§ **What you will do**
Exact transcription begins at the first line of the material below and ends with the line holding "Marinedrugs 18 00340 g001 Marinedrugs"; pictures are skipped.

§ **Dataset content**

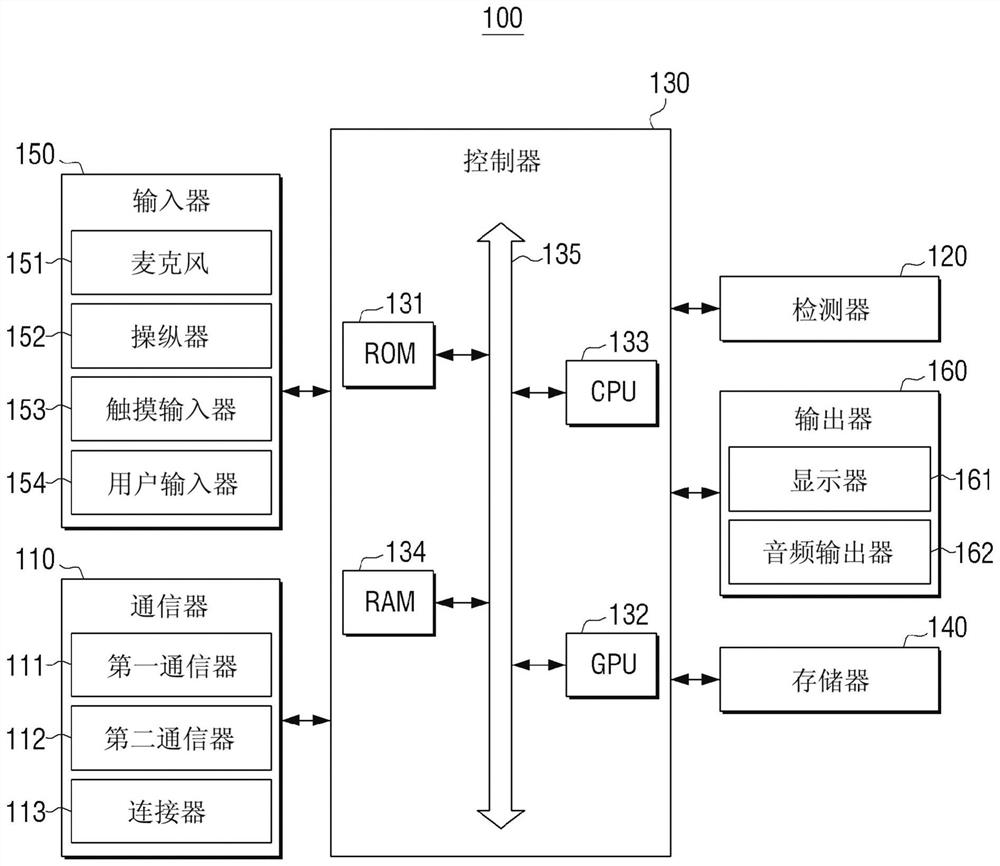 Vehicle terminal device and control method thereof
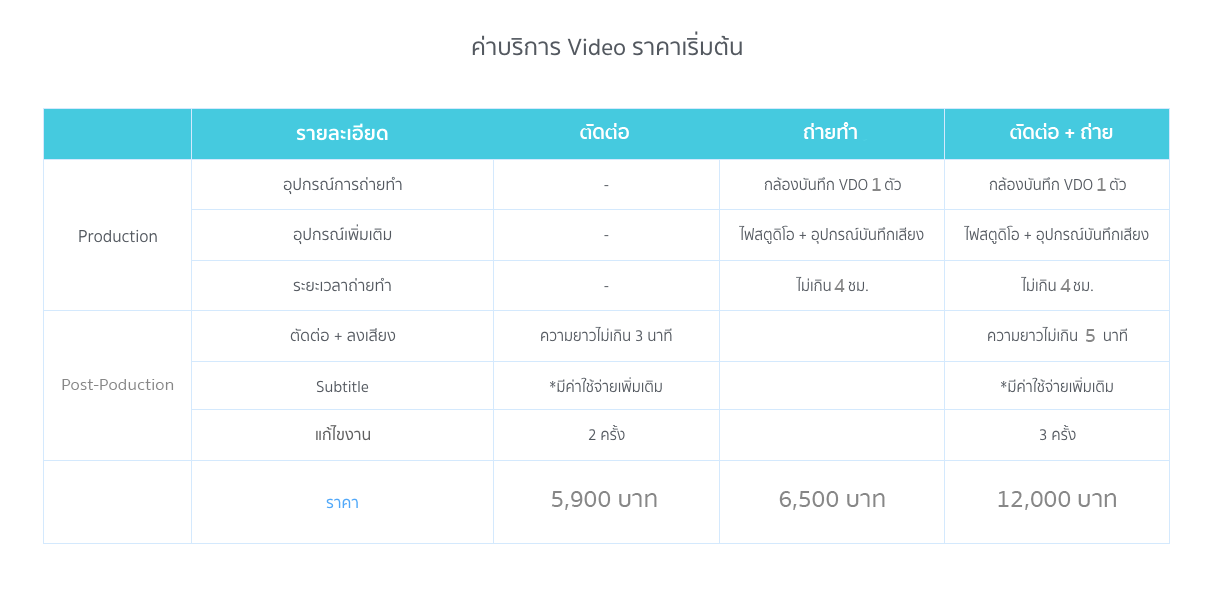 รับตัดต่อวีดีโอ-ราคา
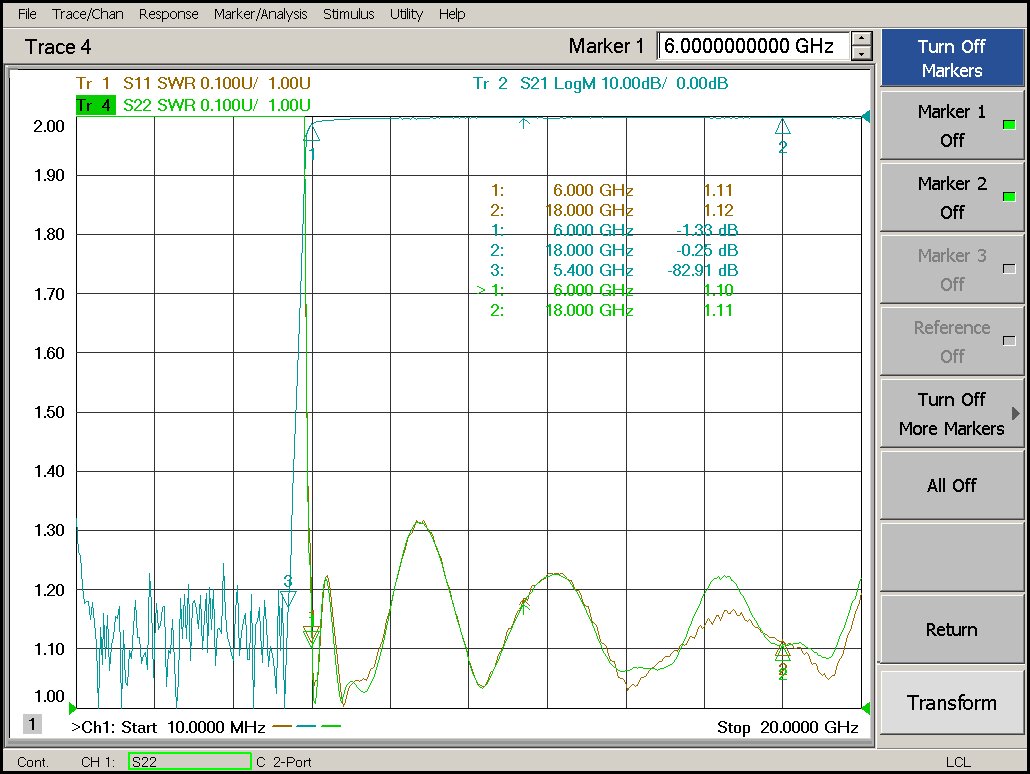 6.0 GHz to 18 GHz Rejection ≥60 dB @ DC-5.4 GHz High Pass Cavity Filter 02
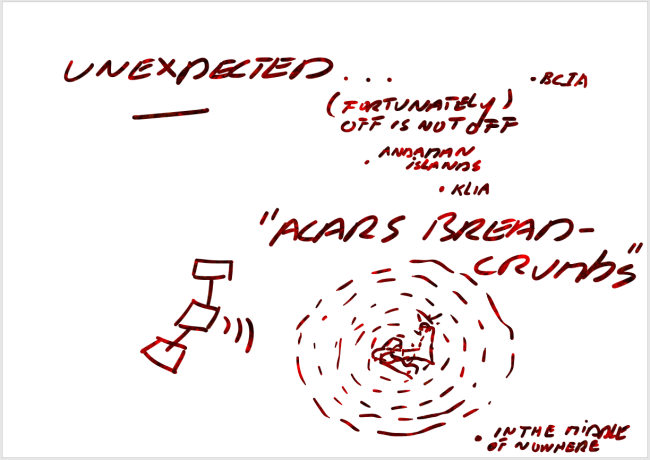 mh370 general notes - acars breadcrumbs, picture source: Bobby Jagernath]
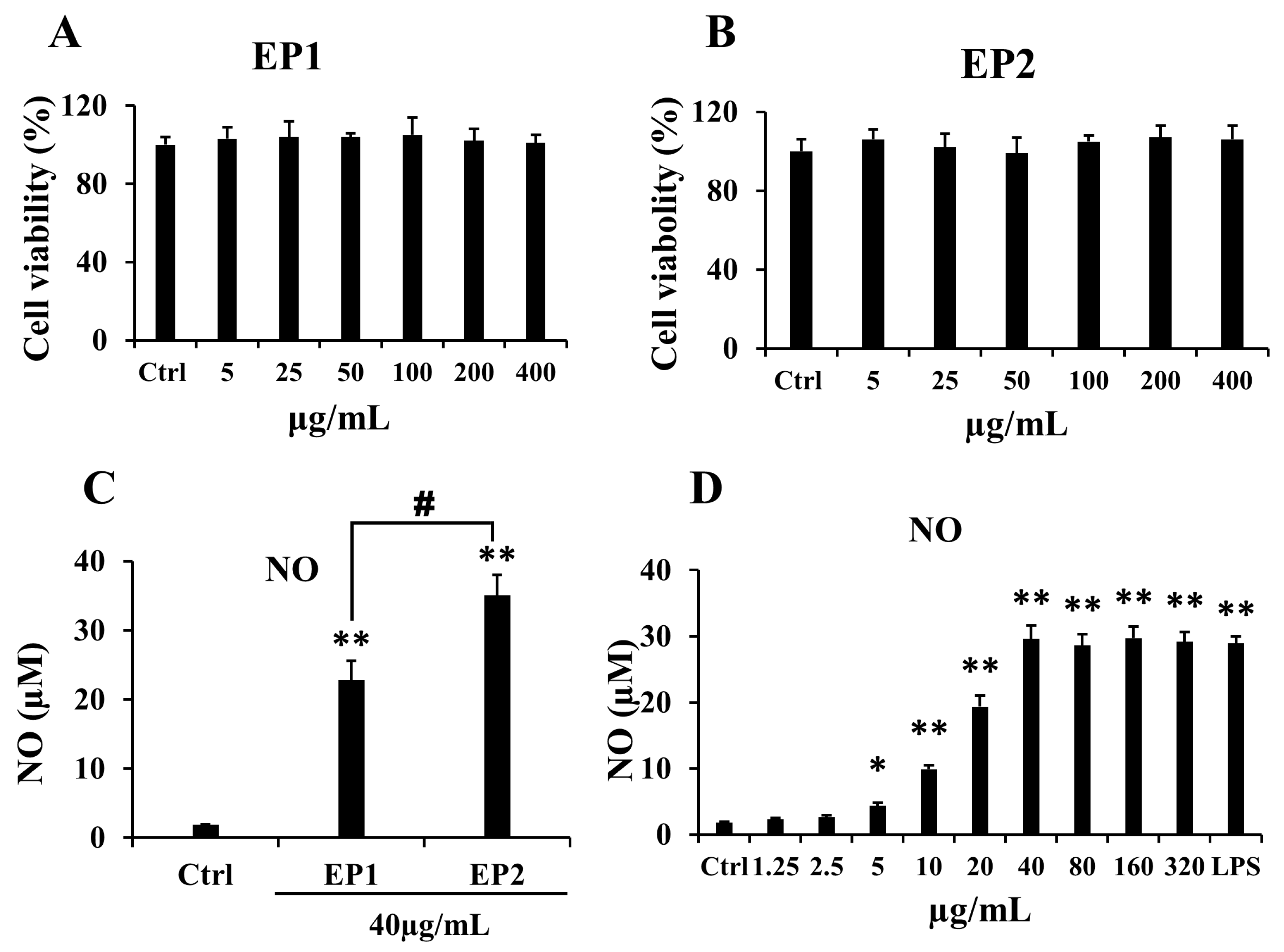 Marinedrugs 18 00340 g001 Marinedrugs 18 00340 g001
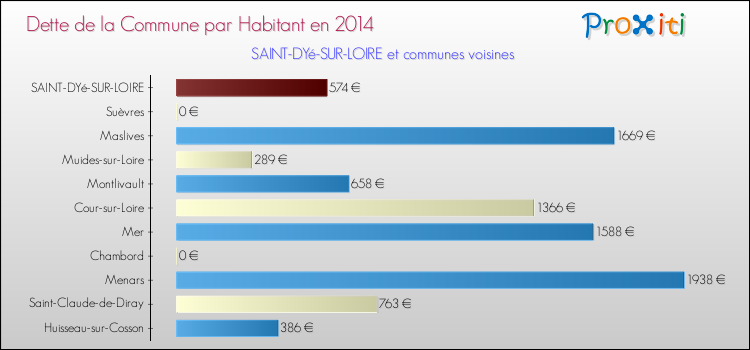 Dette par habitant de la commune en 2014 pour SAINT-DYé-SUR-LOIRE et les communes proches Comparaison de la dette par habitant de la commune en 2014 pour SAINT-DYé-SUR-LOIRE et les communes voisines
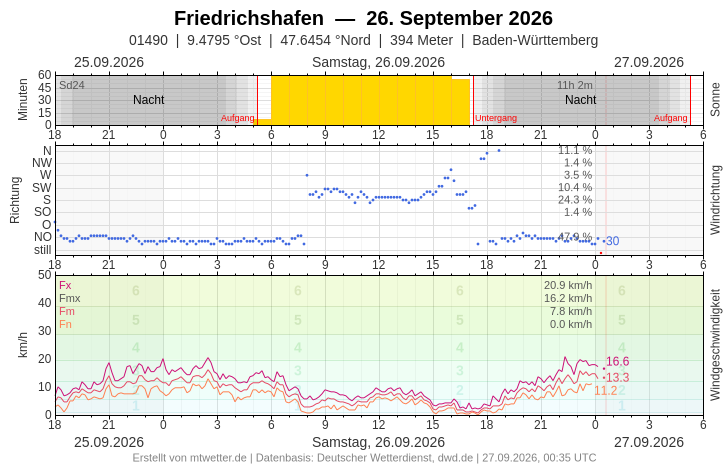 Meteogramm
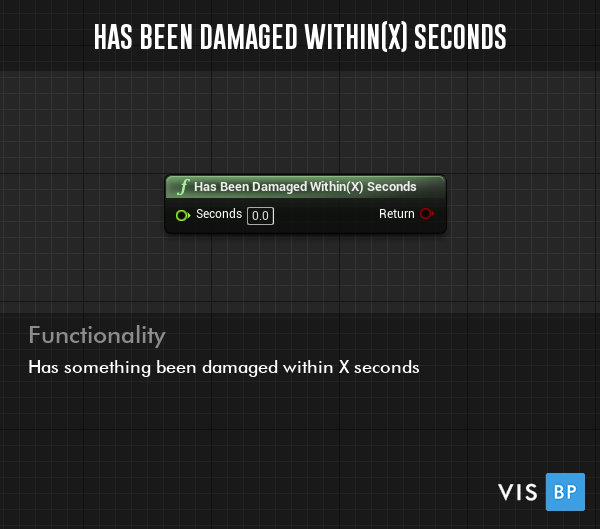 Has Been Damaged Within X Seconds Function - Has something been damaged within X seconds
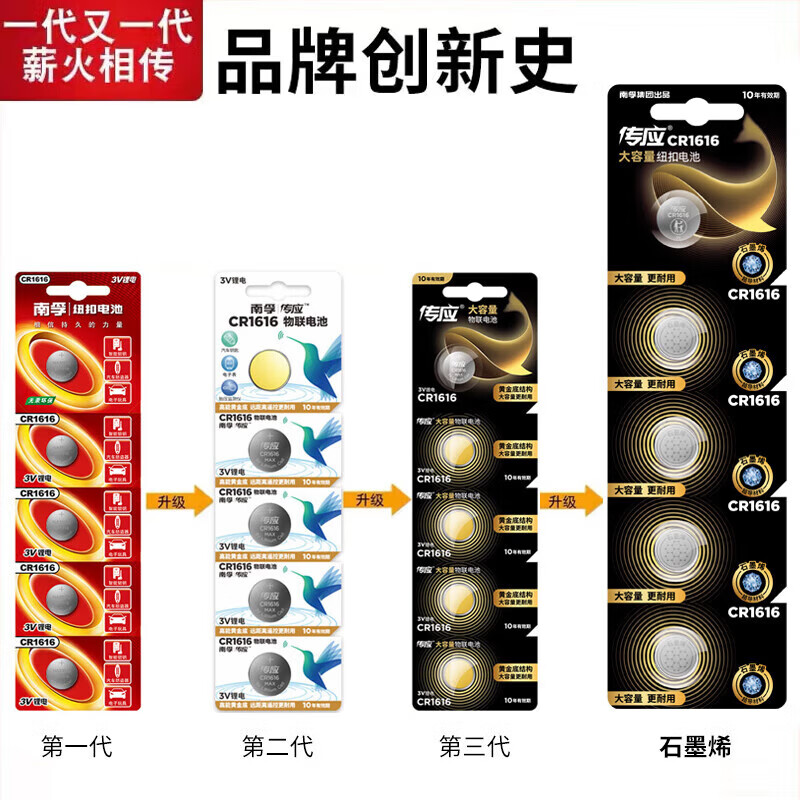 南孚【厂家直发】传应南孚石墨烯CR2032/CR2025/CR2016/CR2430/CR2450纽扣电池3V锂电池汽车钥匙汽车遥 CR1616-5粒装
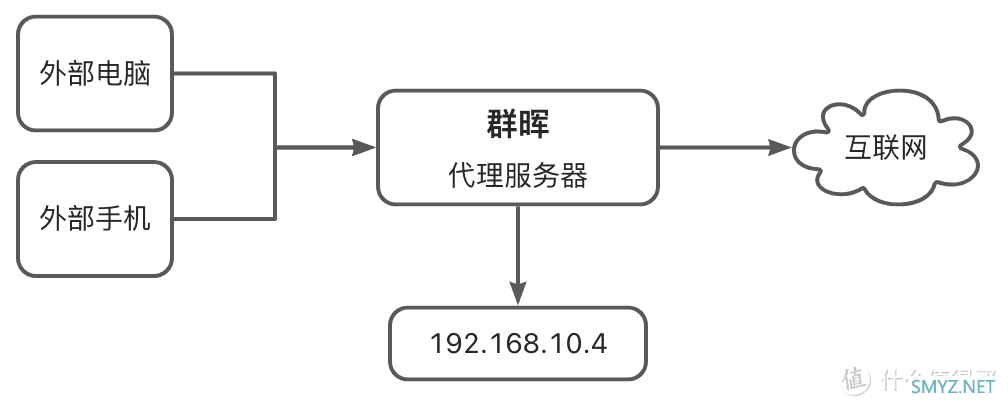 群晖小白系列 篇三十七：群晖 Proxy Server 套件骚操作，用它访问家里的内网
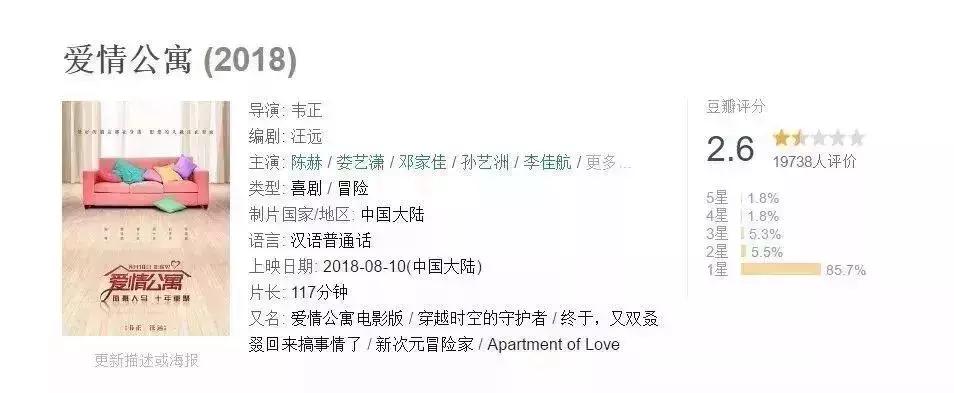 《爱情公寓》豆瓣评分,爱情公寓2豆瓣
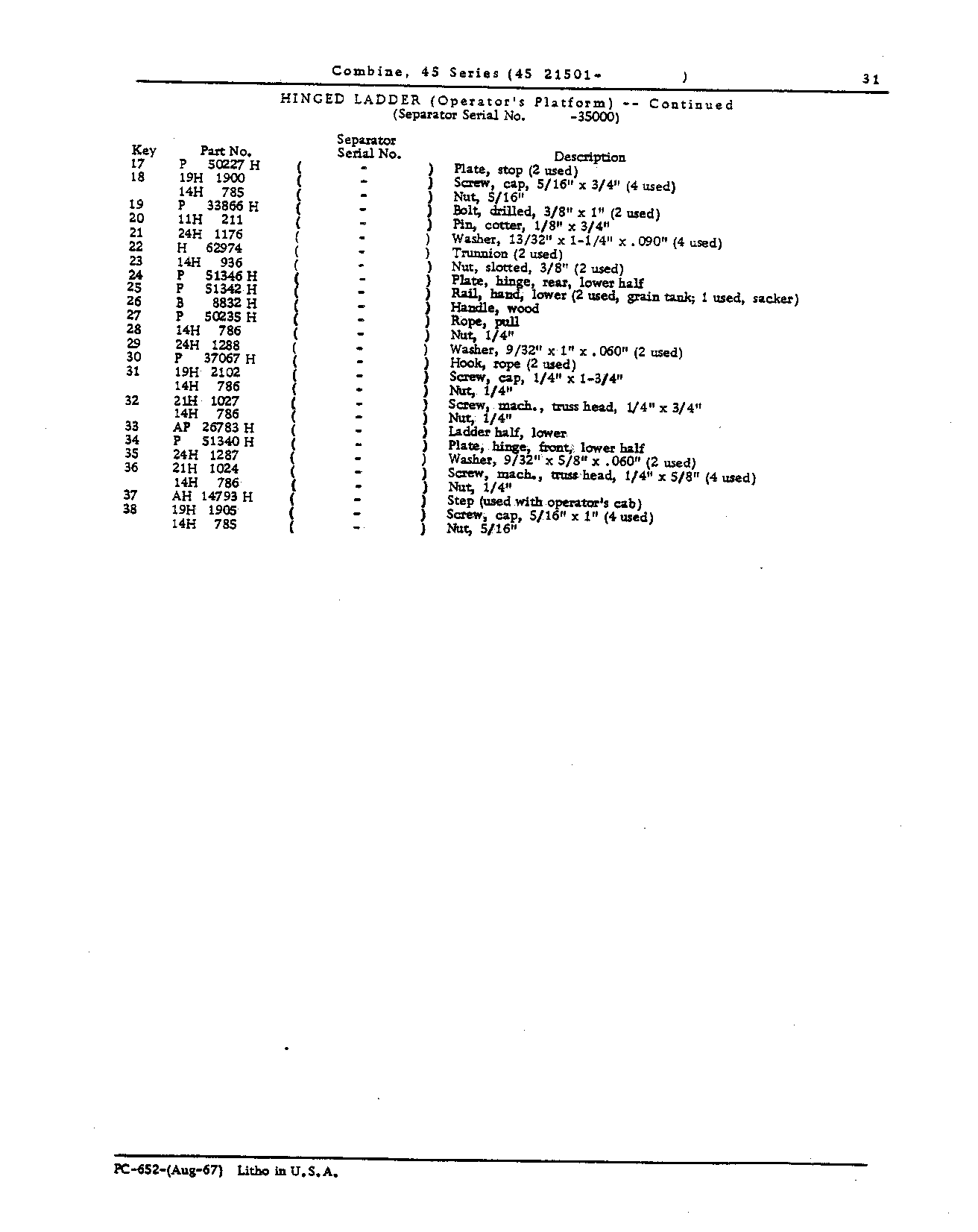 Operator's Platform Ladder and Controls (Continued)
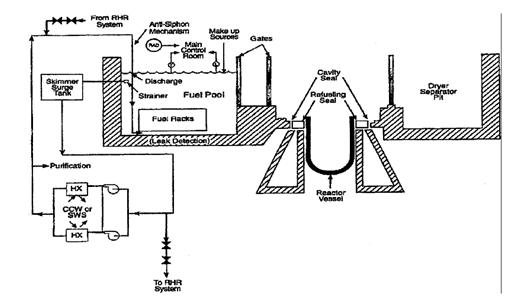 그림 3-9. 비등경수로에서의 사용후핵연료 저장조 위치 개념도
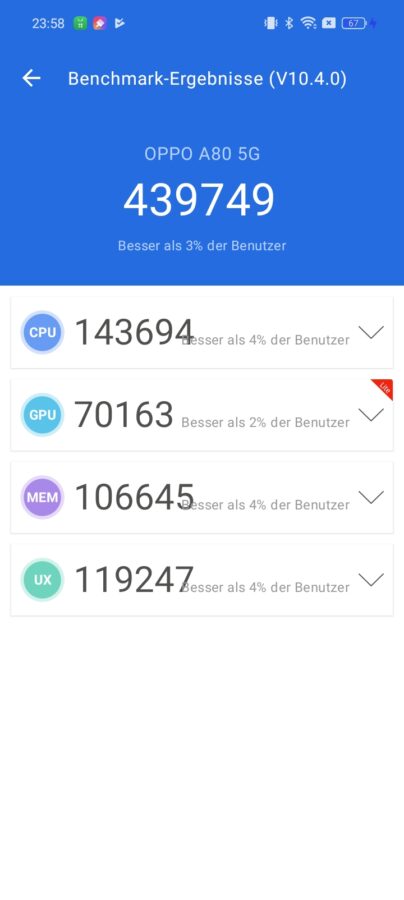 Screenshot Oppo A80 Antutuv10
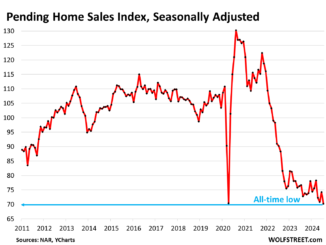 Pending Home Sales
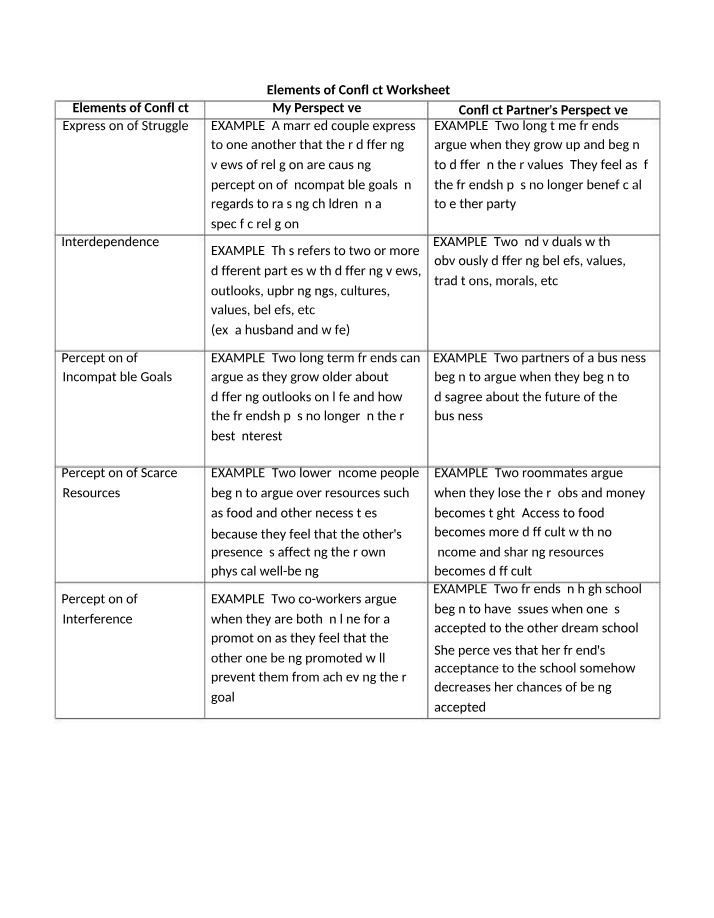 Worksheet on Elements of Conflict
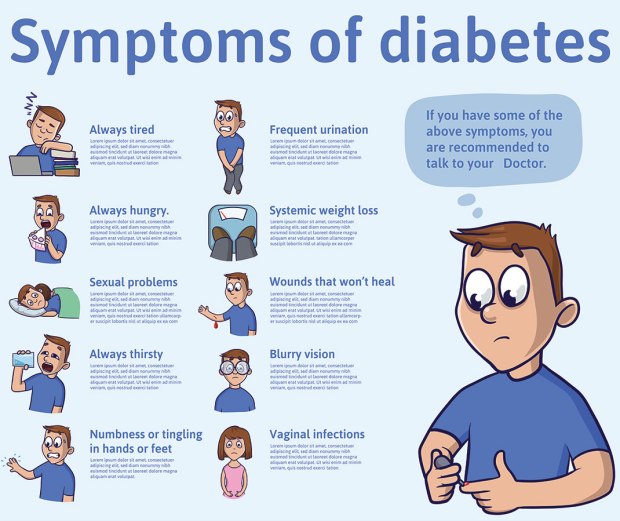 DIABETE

§ **Response**
 Vehicle terminal device and control method thereof
 รับตัดต่อวีดีโอ-ราคา
 6.0 GHz to 18 GHz Rejection ≥60 dB @ DC-5.4 GHz High Pass Cavity Filter 02
 mh370 general notes - acars breadcrumbs, picture source: Bobby Jagernath]
 Marinedrugs 18 00340 g001 Marinedrugs 18 00340 g001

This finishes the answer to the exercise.